後発開発途上国からの卒業、延期求める産業界と推進する暫定政権
(バングラデシュ)
ダッカ発
2025年10月10日
バングラデシュは2026年11月に、後発開発途上国(LDC)のステータスから卒業する予定だ(2021年12月6日記事参照)。しかし、卒業すれば、LDCであれば対象となる特別特恵関税(原則無税)がバングラデシュの輸出品目に適用されなくなるなど、各種優遇措置を受けられなくなる。そこで、最近、主要な経済団体が暫定政権に対して、卒業の延期を求めている。8月24日には15の団体が「LDC卒業:今後の課題」と題する記者会見を開き、現在予定されている2026年から2032年までの卒業延期を要請したほか、延期によって「輸出品目の多様化や、オートメーションや人工知能(AI)分野の熟練人材の育成、グローバル市場で持続可能な競争力の確保が可能になる」と訴えた。

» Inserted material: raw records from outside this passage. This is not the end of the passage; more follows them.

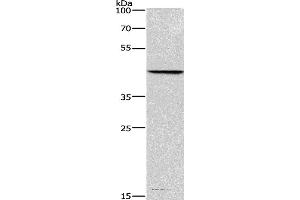 Western blot analysis of Hela cell, using BGN Polyclonal Antibody at dilution of 1:550 (Biglycan antibody)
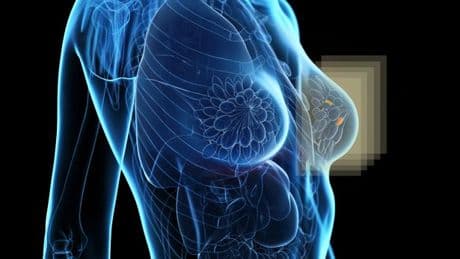 Breast cancer breakthrough as new super-fast scanner unveiled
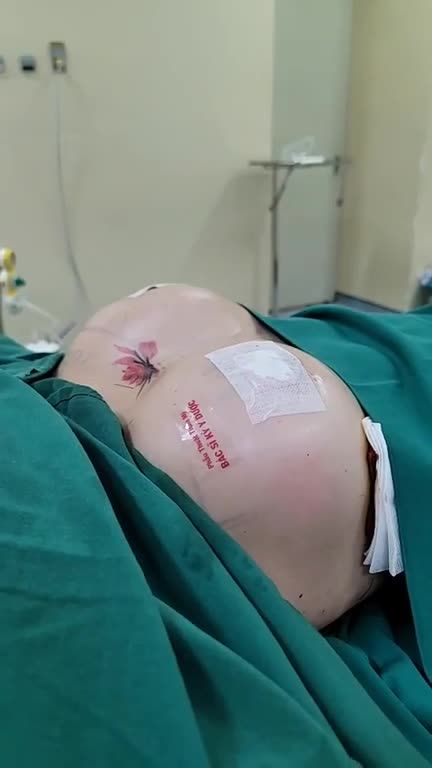 Chỉ 60 phút phẫu thuật, sở hữu ngay Vòng 1 căng tròn Khuôn ngực đầy đặn, tràn đầy sức sống tạo nên đường cong hoàn hảo khiến người đối diện không thể rời mắt.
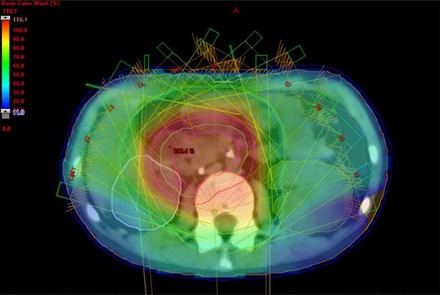 Investigación en Sevilla predice recaídas en cáncer infantil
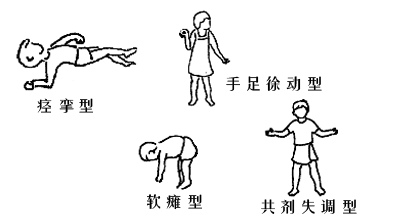 择思达斯经颅磁刺激_家里有脑瘫孩子的心酸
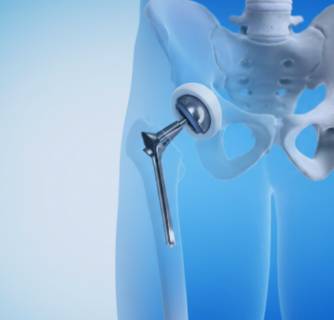 Robotic Hip Replacement in India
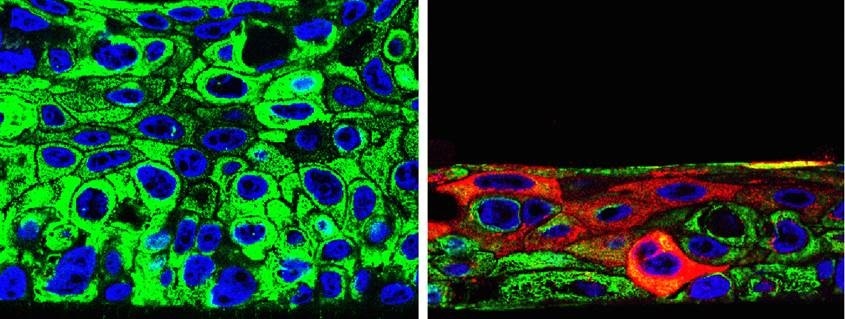 Nuevo tratamiento contra el cáncer destruyó tumores en enfermos terminales y aumentó la sobrevida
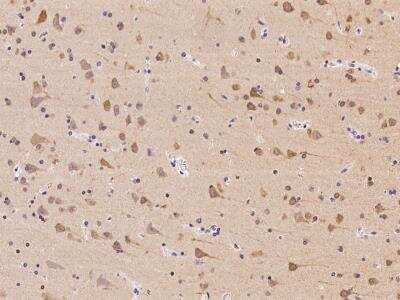 Immunohistochemistry-Paraffin: TTBK1 Antibody [NBP3-06356]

また、ダッカ商工会議所(DCCI)、バングラデシュ縫製品製造業・輸出業協会(BGMEA)、バングラデシュ医薬品工業協会(BAPI)のトップが10月8日に暫定政権のムハンマド・ユヌス首席顧問と面談し、より良い準備を行うために、LDCの卒業時期を少なくとも3年遅らせるよう促した。BGMEAのマフムード・ハサン・カーン会長はメディアの取材に対し、ビジネスのしやすさとコストに改善の余地があると指摘し、「税関手続きが複雑なため、ビジネスの環境は真に改善されていない。また、銀行の金利は依然として高く、国内企業にとって大きな課題となっている」と述べた(「デーリー・スター」紙10月9日)。同様に、DCCIのタスキン・アフメド会頭は貿易協定の不在や、エネルギー不足、銀行部門の脆弱(ぜいじゃく)性、物流面の課題を指摘した。

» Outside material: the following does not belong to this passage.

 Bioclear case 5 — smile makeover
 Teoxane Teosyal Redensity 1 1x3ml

他方、ユヌス首席顧問の意志は強い。首席顧問はこの面談で「政府の最優先課題は、他国に依存することなく卒業を果たすことだ。全てのセクターが自立的、かつ持続可能な移行に向けて準備を進めてほしい」と語った。同首席顧問は9月29日に米国ニューヨークでラバブ・ファティマ国連事務次長と会い、国連がバングラデシュのLDC卒業の準備状況評価を1カ月以内に開始し、2026年1月中旬までに終えることに対するコミットメントも確認している。

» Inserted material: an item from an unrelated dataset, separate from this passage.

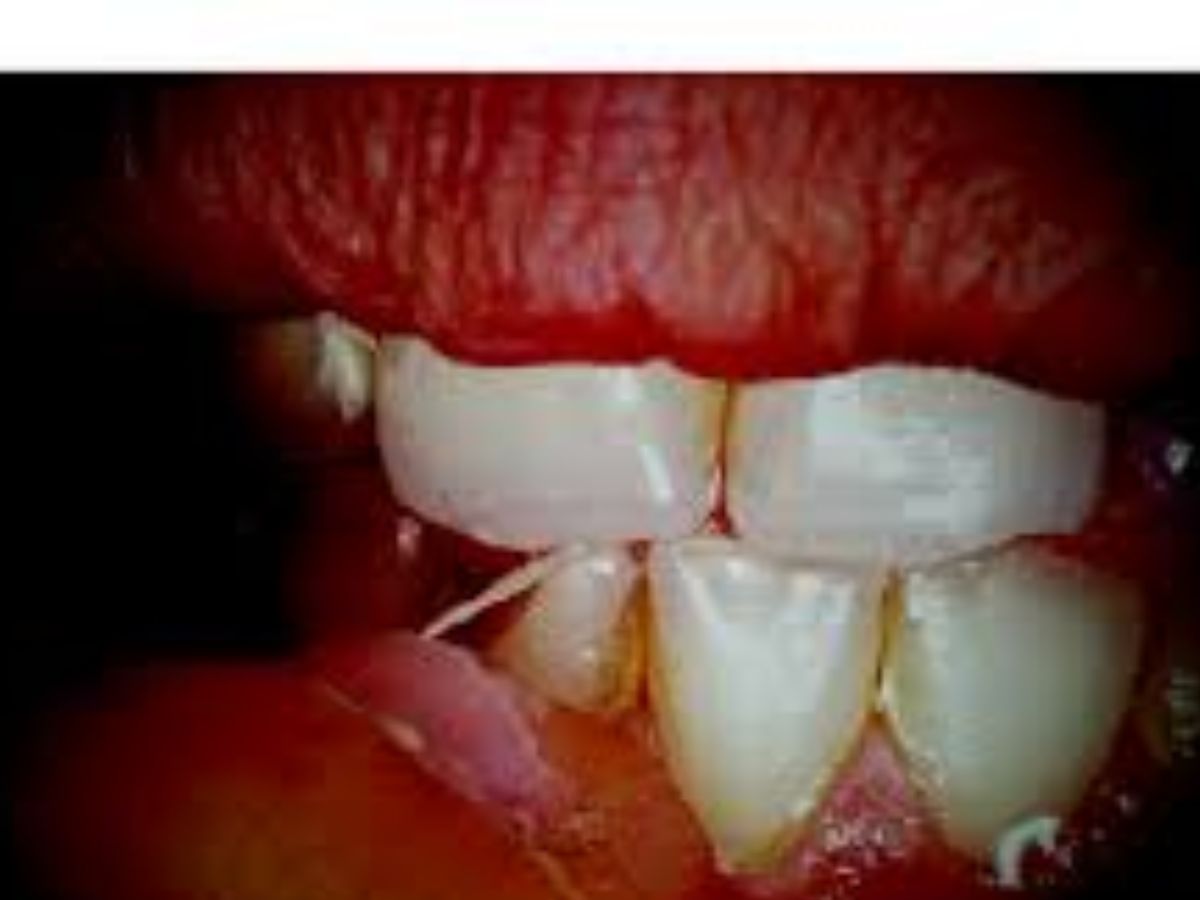 Transmission of parasites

2026年2月上旬に実施予定の総選挙(2025年8月6日記事参照)で勝利が有力視されるバングラデシュ民族主義党(BNP)のタリク・ラフマン議長代行は9月18日、「バングラデシュはLDC卒業前に具体的な進展が必要だ」と題するメッセージを党公式ウェブサイトで発信した。BGMEAのカーン会長が率いるビジネス関係者らは9月22日にBNP幹部と会い、LDCの卒業延期を求めることで意見を一致させている。
総選挙の実施予定時期が約4カ月後に迫る中、LDC卒業に対する暫定政権と主要政党や主要経済団体の姿勢は異なっており、今後の動きに注目が集まる。